Extended plans to roll out ultrafast, full fibre services to the UK have been announced recently, but will they be enough to get the UK up to speed and competing effectively on the world stage
In March next year, as everyone in the country is well aware, the UK will leave the EU. This will make competing on the global stage even more important than it has been up to now and make the move to full-fibre, ultrafast broadband even more urgent. This is why the recent announcement that Openreach is reducing wholesale prices on FTTC and FTTP connections to service providers is good news.
These changes will help to drive to extend availably and uptake of superfast and ultrafast broadband services and enable the UK to start making ground on some of the other economies that have made better progress to date. While more than 27.8 million homes and businesses can already access fibre-based services, so far only 9.8 million have upgraded to these services.
Most of these will have subscribed to fibre to the cabinet (FTTC) or ‘superfast’ services. These services tend to offer download speeds of up to or around 40Mbps for most consumers, which will be fine for many users, but won’t provide enough bandwidth to enable truly modern, digitized businesses to deliver optimum performance and productivity.
While a lot of the media coverage surrounding the Openreach announcement in the latter part of July focused on the discounted prices that will be available to comms providers (and they will be significant discounts – the price Openreach charges for its an 80Mbps product, for example, will fall by 40 percent, from £9.95 to £5.99), a separate government announcement set out plans to massively increase the coverage of ultrafast services – providing speeds of up to 1Gbps – over the next 15 years.
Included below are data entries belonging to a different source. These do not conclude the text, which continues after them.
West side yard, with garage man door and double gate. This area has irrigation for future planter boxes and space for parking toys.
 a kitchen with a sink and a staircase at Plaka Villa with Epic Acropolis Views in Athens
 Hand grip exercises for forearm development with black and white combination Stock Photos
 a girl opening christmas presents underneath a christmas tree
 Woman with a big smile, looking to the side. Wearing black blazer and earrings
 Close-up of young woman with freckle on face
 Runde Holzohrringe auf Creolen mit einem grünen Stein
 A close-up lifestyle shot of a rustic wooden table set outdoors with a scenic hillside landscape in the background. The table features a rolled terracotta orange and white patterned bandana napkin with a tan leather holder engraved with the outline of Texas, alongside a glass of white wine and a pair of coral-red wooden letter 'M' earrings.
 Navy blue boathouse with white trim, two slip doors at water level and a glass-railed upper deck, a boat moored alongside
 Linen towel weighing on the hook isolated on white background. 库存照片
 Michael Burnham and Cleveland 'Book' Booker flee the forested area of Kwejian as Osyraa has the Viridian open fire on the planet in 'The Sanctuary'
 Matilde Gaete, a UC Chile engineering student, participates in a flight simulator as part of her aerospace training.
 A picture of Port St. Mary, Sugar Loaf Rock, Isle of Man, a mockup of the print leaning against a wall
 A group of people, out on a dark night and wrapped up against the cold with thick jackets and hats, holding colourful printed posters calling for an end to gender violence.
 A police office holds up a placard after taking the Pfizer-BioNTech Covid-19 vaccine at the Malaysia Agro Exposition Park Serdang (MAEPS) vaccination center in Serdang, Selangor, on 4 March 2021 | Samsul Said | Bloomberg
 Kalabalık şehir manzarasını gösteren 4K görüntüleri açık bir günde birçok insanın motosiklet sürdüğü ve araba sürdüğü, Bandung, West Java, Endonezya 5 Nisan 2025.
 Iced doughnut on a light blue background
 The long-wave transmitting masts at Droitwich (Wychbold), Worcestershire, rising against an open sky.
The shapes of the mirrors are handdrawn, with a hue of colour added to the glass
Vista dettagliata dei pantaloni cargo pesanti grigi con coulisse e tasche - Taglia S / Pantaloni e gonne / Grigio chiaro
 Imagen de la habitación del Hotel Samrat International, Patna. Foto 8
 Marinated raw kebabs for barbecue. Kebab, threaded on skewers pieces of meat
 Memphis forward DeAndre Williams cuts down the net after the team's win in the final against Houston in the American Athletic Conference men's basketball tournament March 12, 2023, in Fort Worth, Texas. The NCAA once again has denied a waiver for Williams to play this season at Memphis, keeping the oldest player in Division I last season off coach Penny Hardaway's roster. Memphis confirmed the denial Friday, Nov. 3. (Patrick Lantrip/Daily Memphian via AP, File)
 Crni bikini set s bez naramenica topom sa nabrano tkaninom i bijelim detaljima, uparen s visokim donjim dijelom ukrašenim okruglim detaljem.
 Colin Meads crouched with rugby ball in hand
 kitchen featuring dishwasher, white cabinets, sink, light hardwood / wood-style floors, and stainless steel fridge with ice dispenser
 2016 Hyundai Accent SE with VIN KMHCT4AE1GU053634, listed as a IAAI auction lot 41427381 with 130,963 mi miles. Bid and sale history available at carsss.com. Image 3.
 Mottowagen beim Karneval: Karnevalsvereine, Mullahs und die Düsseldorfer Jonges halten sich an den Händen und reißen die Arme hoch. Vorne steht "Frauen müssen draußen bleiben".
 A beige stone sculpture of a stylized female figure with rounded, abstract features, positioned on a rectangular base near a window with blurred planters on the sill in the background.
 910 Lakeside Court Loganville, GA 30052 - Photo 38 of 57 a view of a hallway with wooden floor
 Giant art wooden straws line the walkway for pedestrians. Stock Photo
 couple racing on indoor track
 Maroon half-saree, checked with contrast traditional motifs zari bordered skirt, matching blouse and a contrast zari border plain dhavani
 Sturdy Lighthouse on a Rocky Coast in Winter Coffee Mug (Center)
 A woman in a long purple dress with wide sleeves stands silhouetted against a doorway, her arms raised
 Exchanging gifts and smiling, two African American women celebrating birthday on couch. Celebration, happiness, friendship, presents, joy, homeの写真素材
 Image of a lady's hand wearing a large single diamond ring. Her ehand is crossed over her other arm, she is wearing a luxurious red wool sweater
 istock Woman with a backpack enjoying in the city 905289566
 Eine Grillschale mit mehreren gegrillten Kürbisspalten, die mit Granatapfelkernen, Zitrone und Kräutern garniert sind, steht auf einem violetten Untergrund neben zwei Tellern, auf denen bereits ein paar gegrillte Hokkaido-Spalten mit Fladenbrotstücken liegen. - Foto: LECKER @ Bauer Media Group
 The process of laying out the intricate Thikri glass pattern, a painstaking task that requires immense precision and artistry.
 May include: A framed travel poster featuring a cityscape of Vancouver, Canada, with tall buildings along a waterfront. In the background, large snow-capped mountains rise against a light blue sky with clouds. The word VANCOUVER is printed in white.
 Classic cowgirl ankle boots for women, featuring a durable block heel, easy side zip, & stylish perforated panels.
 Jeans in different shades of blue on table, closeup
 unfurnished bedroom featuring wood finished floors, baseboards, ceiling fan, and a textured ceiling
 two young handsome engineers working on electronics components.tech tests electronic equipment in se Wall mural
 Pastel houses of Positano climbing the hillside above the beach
These will aim to give 15 million premises given access to ultrafast broadband services by 2025 and full UK coverage by 2033. This all part of the government’s Future Telecoms Infrastructure Review (FTIR) plans and the urgency of driving this forward can’t be underestimated. At present, the UK lags behind many other countries. Only 4% of homes in the UK have a full-fibre broadband connection, compared with 89% in Portugal and 71% in Spain, for example. This is largely because, while Openreach has been investing significantly in rolling out its network, taking fibre to the premises is much more difficult and costly.
It’s notable that the FTIR plans include legislation that will ensure all new build developments do get access to full fibre connections; that’s a very cost-effective way to make ultrafast available – building it in from the start. But most businesses are already located somewhere that is, at present, only served by FTTC at best. They may well get an FTTP option seven years from now (2025) but might also have to wait 15 years (until 2033) under the current plans. That might be too long.
To date, fewer than one million homes and businesses can connect to ultrafast services, and while the plans to extend this are laudable, the question is will they come quickly enough for UK businesses to compete, fully and effectively on the world stage? Or will the superfast (FTTC) connectivity that will undoubtedly become more available and affordable to many more businesses and homes as a result of the changes to Openreach pricing, be enough to keep the UK on a competitive footing with the rest of Europe and the world?
The strong suspicion has to be that it will not and subsequently, pressure will continue to grow on Openreach to make ultrafast services available to more businesses much sooner. The desire and need for higher speed services is evident in the sustained high demand that communications services providers have seen for leased line Ethernet services over the past few years.
Businesses continue to sign-up for these options – even though they are a lot more expensive than broadband – because they provide a guarantee of high speed both downstream and upstream. Reliable and dedicated communications are now a primary requirement of the growing number of businesses that depend on hosted VoIP services for all their business communications, and on public cloud platforms for their core IT apps, storage, backup and disaster recovery, and web services.
This increasing digitization of organisations is going to keep driving demand for ultrafast broadband and other connections higher and higher. It is difficult then to see how Openreach will be able to resist calls for investment to be stepped up even further, so that the roll-out of full-fibre availability can be accelerated again.
Competition may yet force its hand. There are other operators in the market who are looking to build their own fibre infrastructure and thus bring ultrafast options and speeds of up to 1Gbps to businesses in larger UK cities and urban areas. If these companies continue to attract funding and, communications services providers and local resellers will not hesitate to work with them, if it means that they can offer their customers full, no-holds-barred, fibre connections to the premises right away.